== EXTRACTED MATERIAL
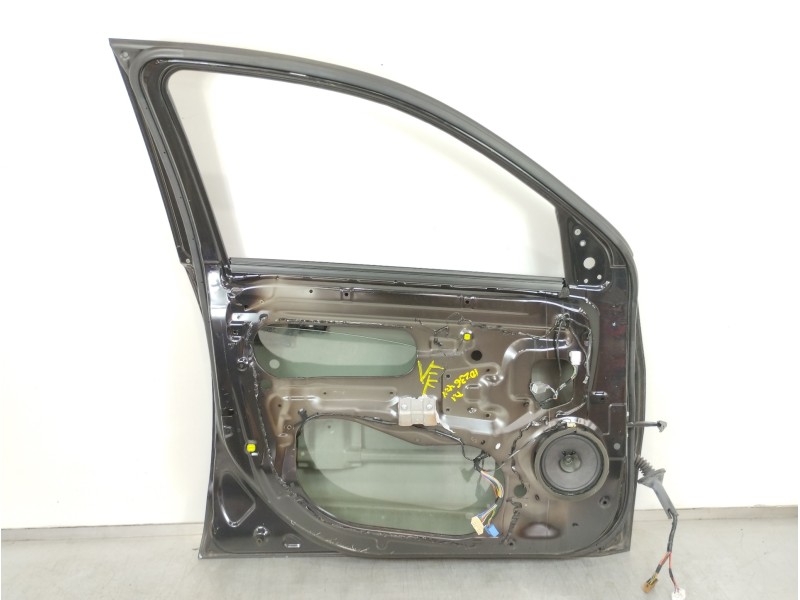 Recambio de puerta delantera izquierda para citroën c-crosser xtr referencia OEM IAM   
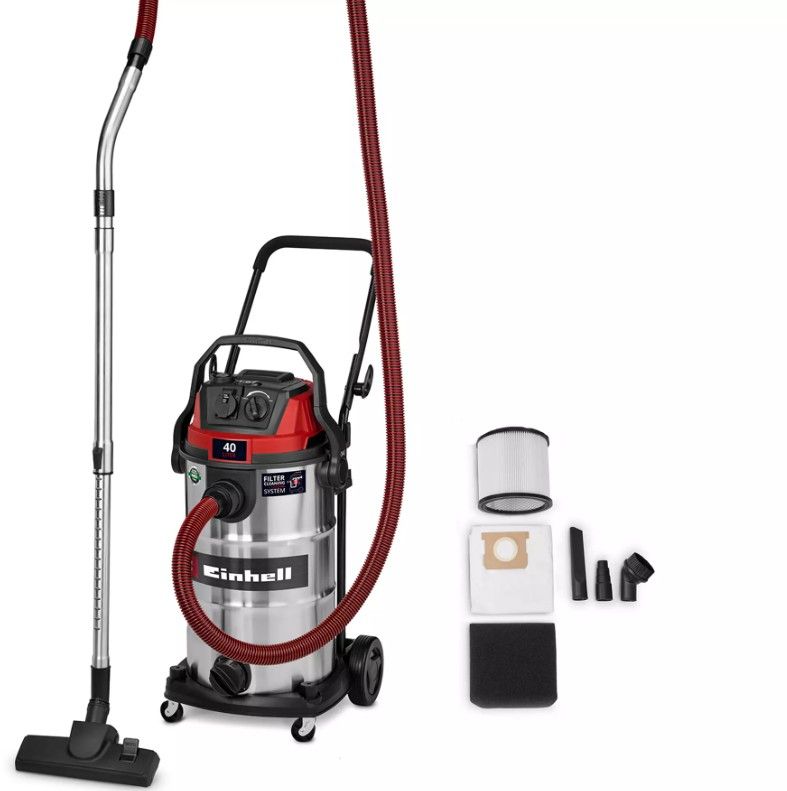 Einhell Nass-Trockensauger TE-VC 4090 SACL 2347445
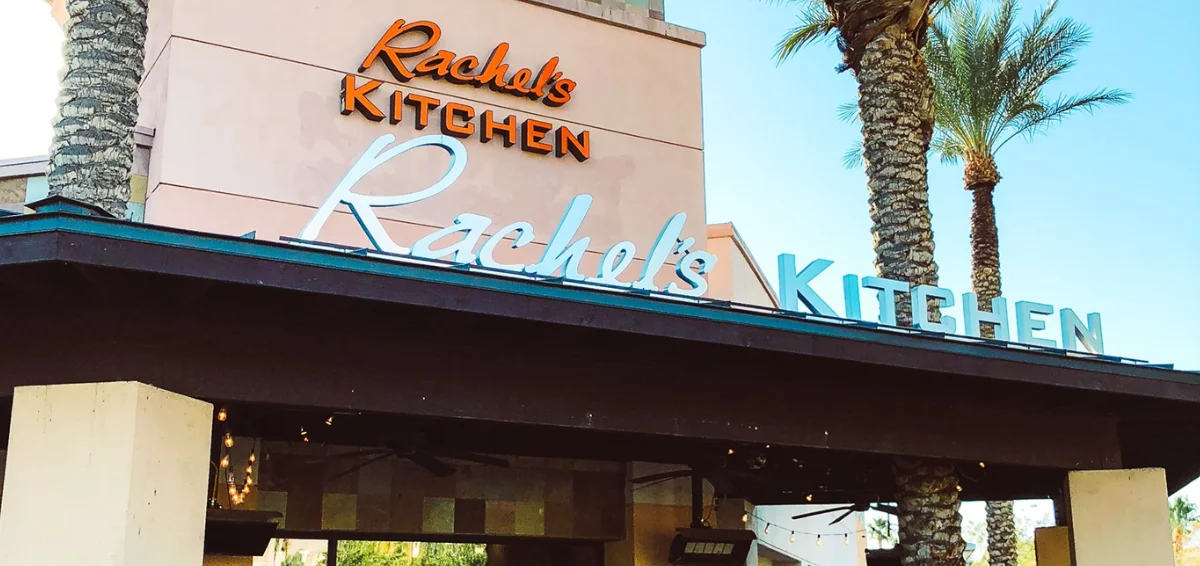 Rachel’s Kitchen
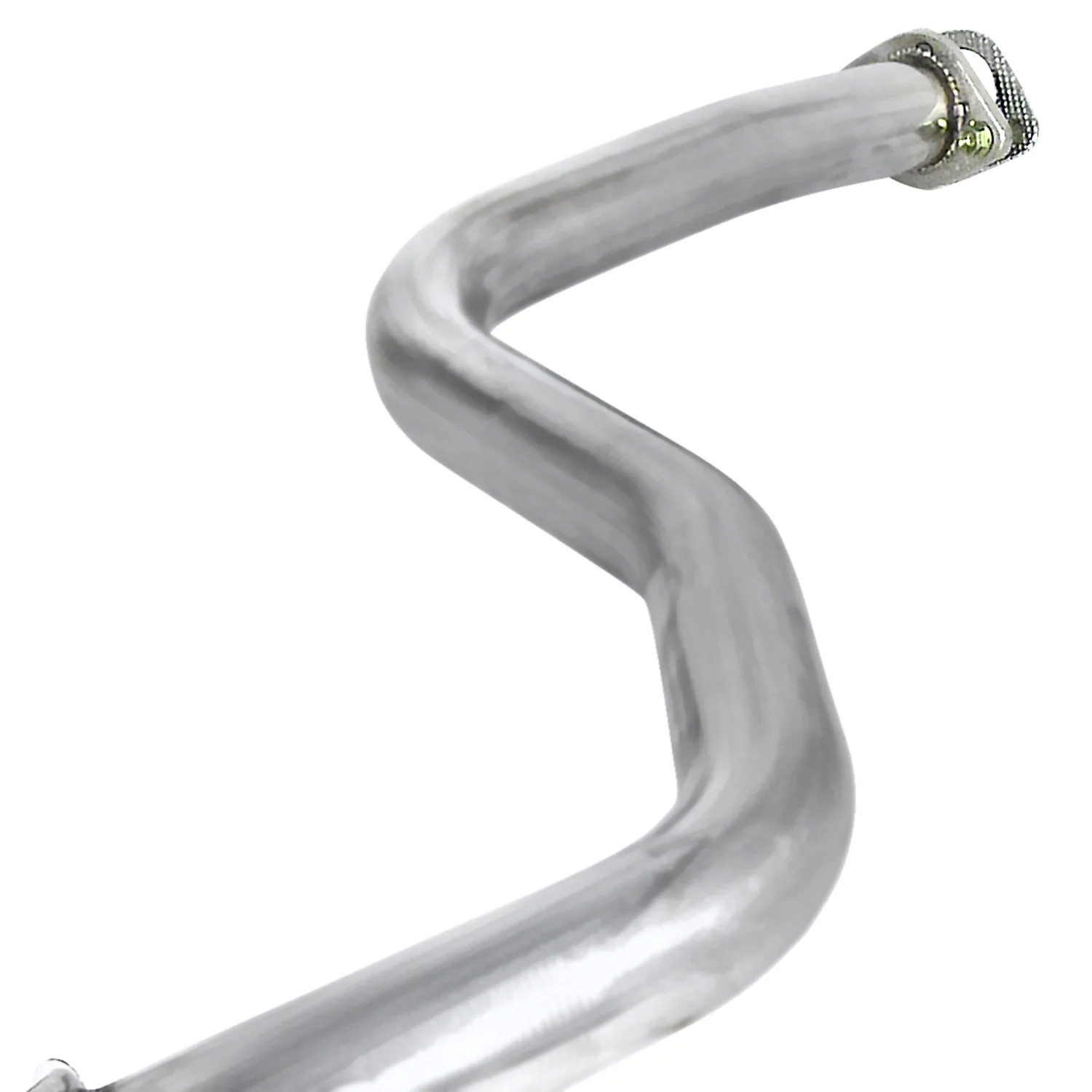 1992-1995 Honda Civic Hatchback T-304 S.Steel N1 Style Catback Exhaust System - Image 6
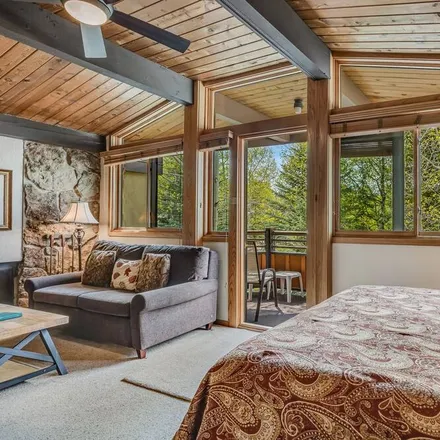 Rent this 1 bed condo on Snowmass Village in CO, 81615
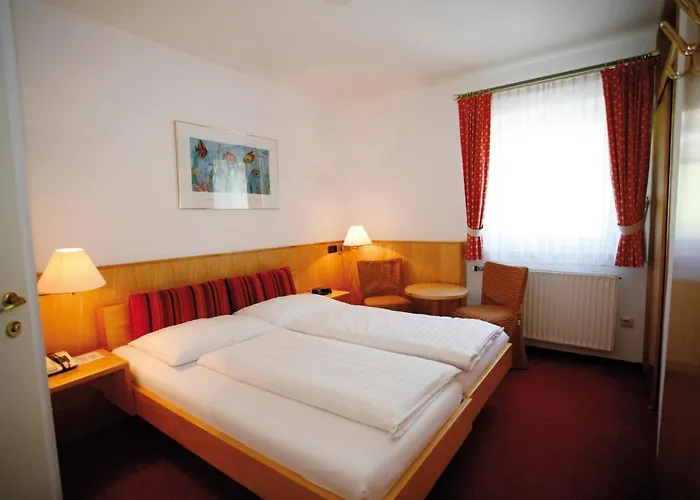 Seehotel Hoffmann Hotel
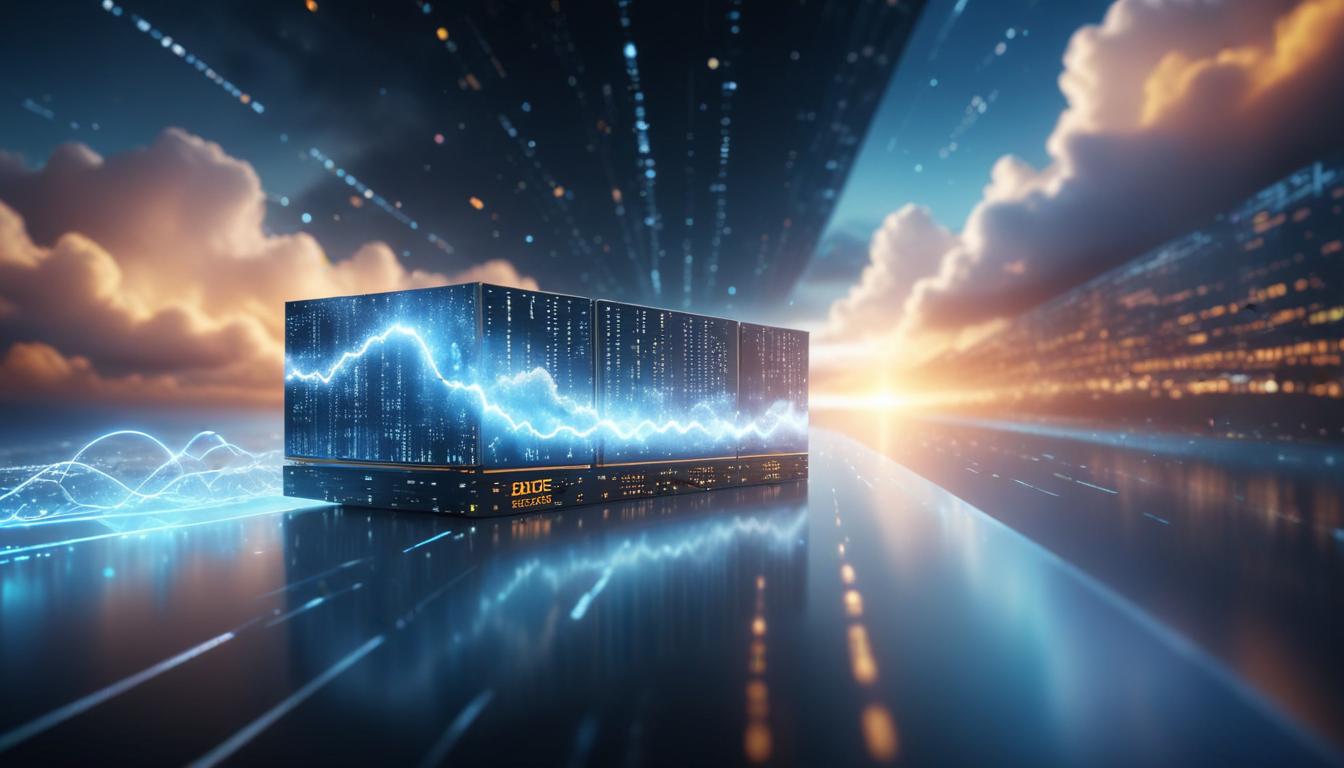Edge Computing: Geleceğin Veri İşleme Yaklaşımı Nerede?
====
In the listing, find the line with "Rachel’s Kitchen" and retype exactly from there through the last line, both included, leaving the pictures out.

→ THE ANSWER:
 Rachel’s Kitchen
 1992-1995 Honda Civic Hatchback T-304 S.Steel N1 Style Catback Exhaust System - Image 6
 Rent this 1 bed condo on Snowmass Village in CO, 81615
 Seehotel Hoffmann Hotel
Edge Computing: Geleceğin Veri İşleme Yaklaşımı Nerede?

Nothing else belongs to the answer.